Bilodo lives a solitary daily life, routinely completing his postal rounds every day and returning to his empty Montreal apartment. But he has found a way to break the cycle—Bilodo has taken to stealing people's mail, steaming open the envelopes, and reading the letters inside. And so it is he comes across Ségolène's letters. She is corresponding with Gaston, a master poet, and their letters are each composed of only three lines. They are writing each other haikus. The simplicity and elegance of their poems move Bilado and he begins to fall in love with her. But one day, out on his round, he witnesses a terrible and tragic accident. Just as Gaston is walking up to the post-box to mail his next haiku to Ségolène, he is hit by a car and dies on the side of the road. And so Bilodo makes an extraordinary decision—he will impersonate Gaston and continue to write to Ségolène under this guise. But how long can the deception continue for? 

In my head I liken this a tiny bit to the film One Hour Photo. But actually it's far less creepy that that. More philosophical on the grey area between right and wrong sometimes. And the ending reflects that in a very Japanese way. This is a tiny book but it is a great read, definitely one of my highlights this year. 

Also as normally a poetry avoider I was really surprised how much I enjoy the haiku in this, And the author managed to put some subtle history on Japanese poetry in between the story so you actually learnt about it too. I gave this a 5/5.

Tom Sherbourne, released from the horrors of the First World War, is now a lighthouse keeper, cocooned on a remote island with his young wife Izzy, who is content in everything but her failure to have a child.
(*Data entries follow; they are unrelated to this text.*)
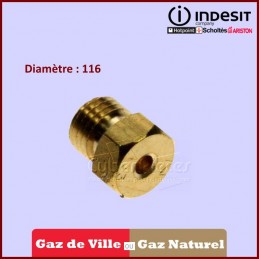 Kit Injecteur Gaz Naturel diam 6mm Indesit C00021379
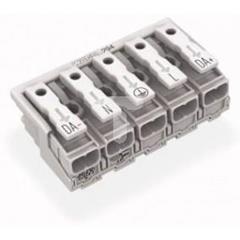 Złączka zasilająca 5-biegunowa bez stopek bez styku PE 294-4075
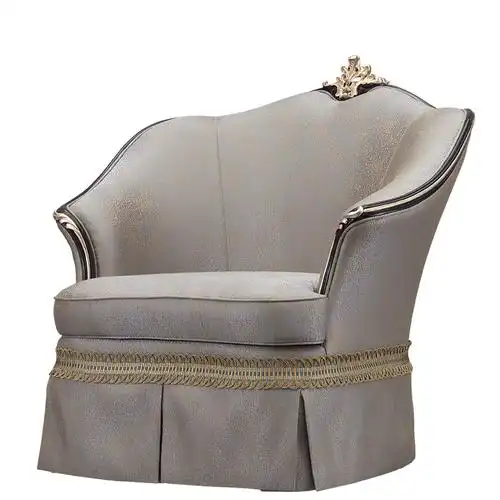 意式新古典凯撒系列cs-a1032c-1单人沙发 单人位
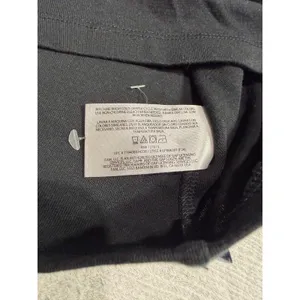 Gap Women's V-Neck Long Sleeve Top Black Cotton Modal Blend Size L GP006391 thumbnail 3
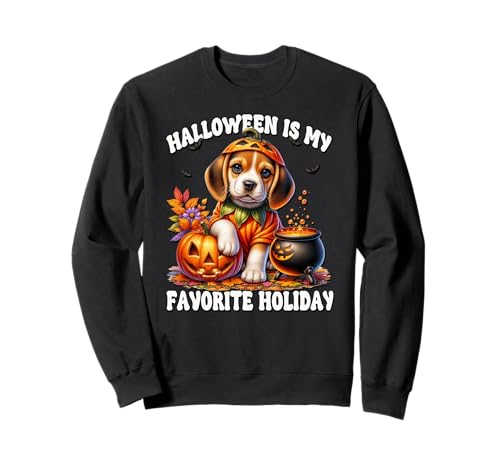 Halloween is My Favorite Holiday Women Halloween Beagle Mom Sweatshirt von Pumpkin Themed Beagle Gifts For Halloween Lovers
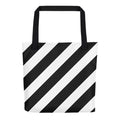 Black & White Stripes Tote bag-Bootlg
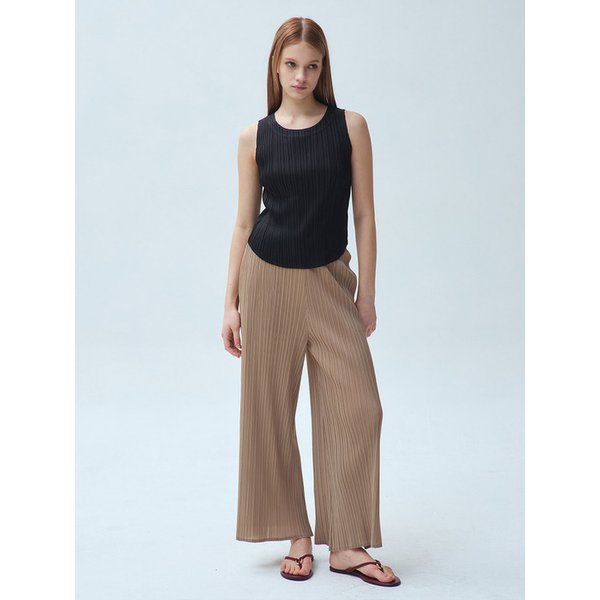 와이드 플레어 플리츠 팬츠_3colors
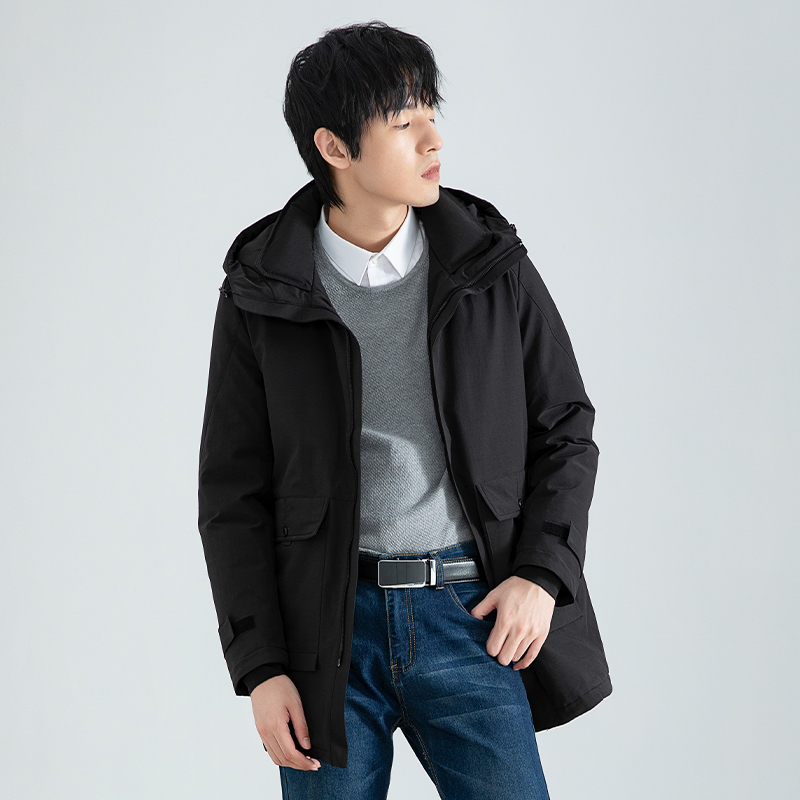 雪中飞男士羽绒服冬季潮牌韩版潮流白鸭绒保暖外套男装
One April morning, a boat washes ashore carrying a dead man - and a crying baby. Safe from the real world, Tom and Izzy break the rules and follow their hearts. It is a decision with devastating consequences.


Think this was a big hit a couple of years back, generally I don't read much historical fiction but this was a book I was leant by my Mum. I wasn't sure I was going to like it and sadly it did little to alter my expectations. Very readable but more on a "womens's lit" level than anything more challenging. And all the 'dilemma' in it didn't sit well with me as it was so clearly forced by the author to create the story - obviously this happens in all fiction by definition but here it was too visible.  I can see how a lot of people would love it but not my cup of tea, I gave it a 3/5.
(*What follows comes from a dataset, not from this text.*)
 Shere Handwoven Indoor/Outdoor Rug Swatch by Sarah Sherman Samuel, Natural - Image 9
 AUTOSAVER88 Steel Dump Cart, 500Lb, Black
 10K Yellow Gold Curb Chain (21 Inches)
June 1890. Leeds is close to breaking point. The gas workers are on strike. Supplies are dangerously low. Factories and businesses are closing; the lamps are going unlit at night. Detective Inspector Tom Harper has more urgent matters on his mind. The beat constable claims eight-year-old Martha Parkinson has disappeared. Her father insists she s visiting an aunt in Halifax but Harper doesn t believe him. When Col Parkinson is found dead the following morning, the case takes on an increasing desperation. But then Harper s search for Martha is interrupted by the murder of a replacement gas worker, stabbed to death outside the Town Hall while surrounded by a hostile mob. Pushed to find a quick solution, Harper discovers that there s more to this killing than meets the eye and that there may be a connection to Martha s disappearance.
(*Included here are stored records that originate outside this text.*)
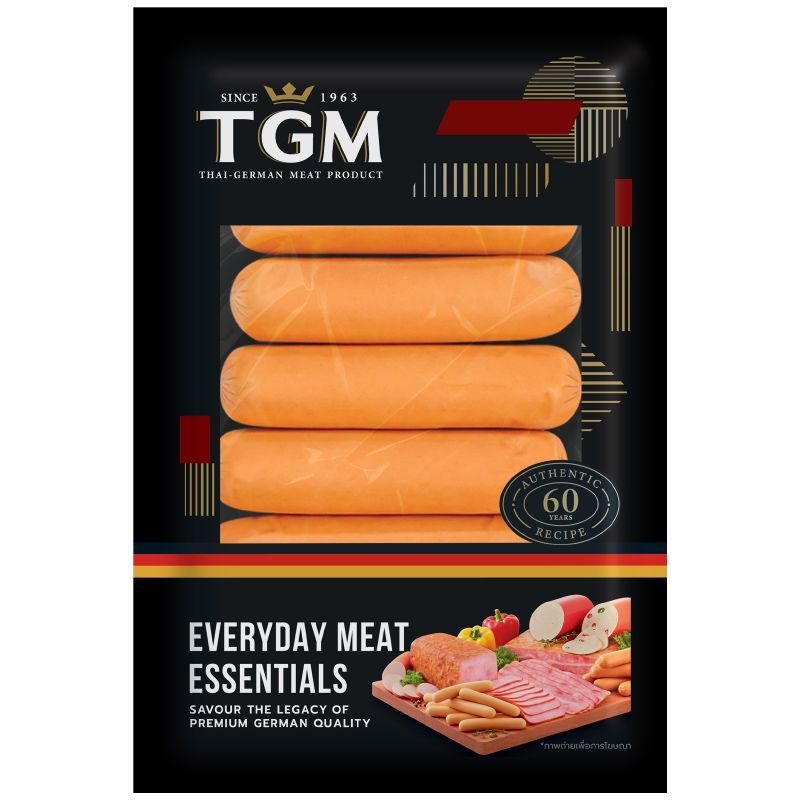 ทีจีเอ็มไส้กรอกสโมคจัมโบ้โปรโมชั่น 380กรัม TGM Smoked Jumbo Sausage Promotion 380g. [หมายเลขบาร์โค้ด 8850826507212]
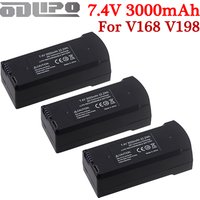 Original 7.4V 3000Mah Drone Lipo Battery For V198 V198PRO V198MAX V168PRO V168MAX GPS Drones Quadcopter Battery Accessories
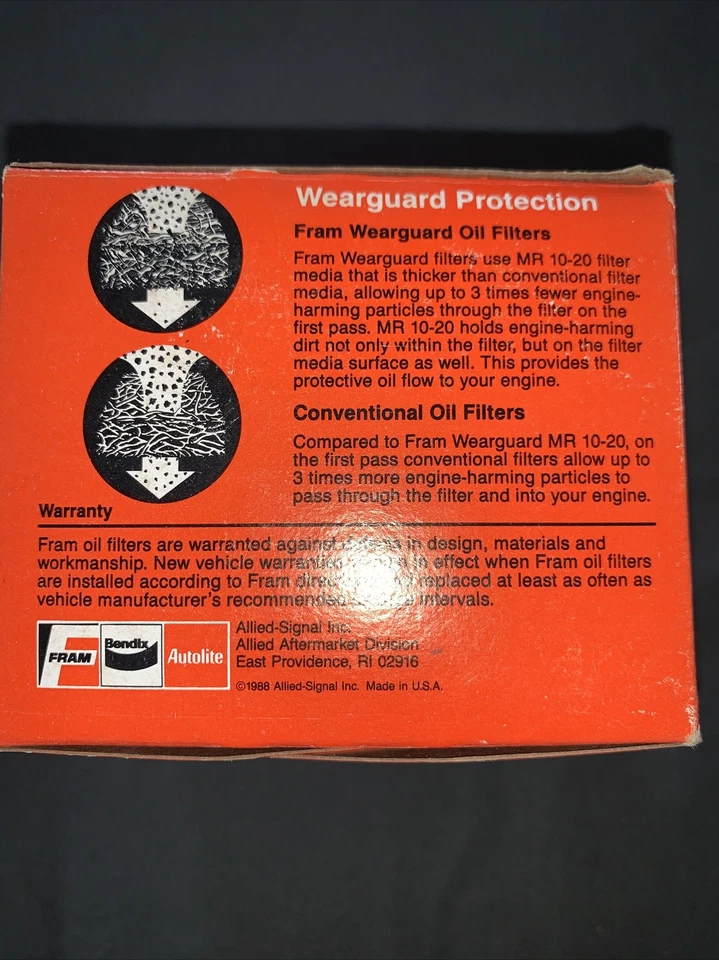 Filtro de aceite FRAM PH3950 PIEZA VINTAGE NUEVO EN CAJA Foto 4 de 4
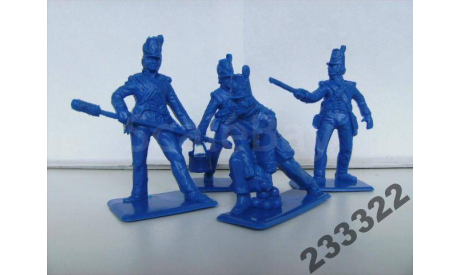 4 фигурки английских артиллеристов XVIII века(35мм), фигурка, scale0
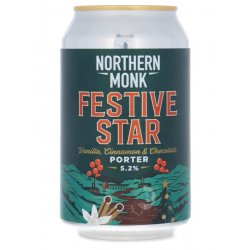 Northern Monk - Festive Star 2023  Vanilla, Cinnamon & Chocolate Porter - Beerdome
This is a book I really wanted to like this, having a massive spot for Leeds in the 4 years I have lived here and wanting to support a local author. Unfortunately plot and characterisation was very flat. The location of Leeds was the best part of the book, but it was a case of too much research seeping in. For example when a  character is walking across town you are told they are walking down street x, passing street y, seeing business a and business b, not choosing to step in business c. It made it quite clunky and it isn't normal (in anything I read) to have such a level of detail. I have given this a 2/5.

What I will be reading:
I rarely know beyond my current book as I'm such a mood reader.  Currently reading Agatha Chrisitie's first outing of Tommy & Tuppence, The Secret Adversary. Which is definitely a good tonic for a Monday.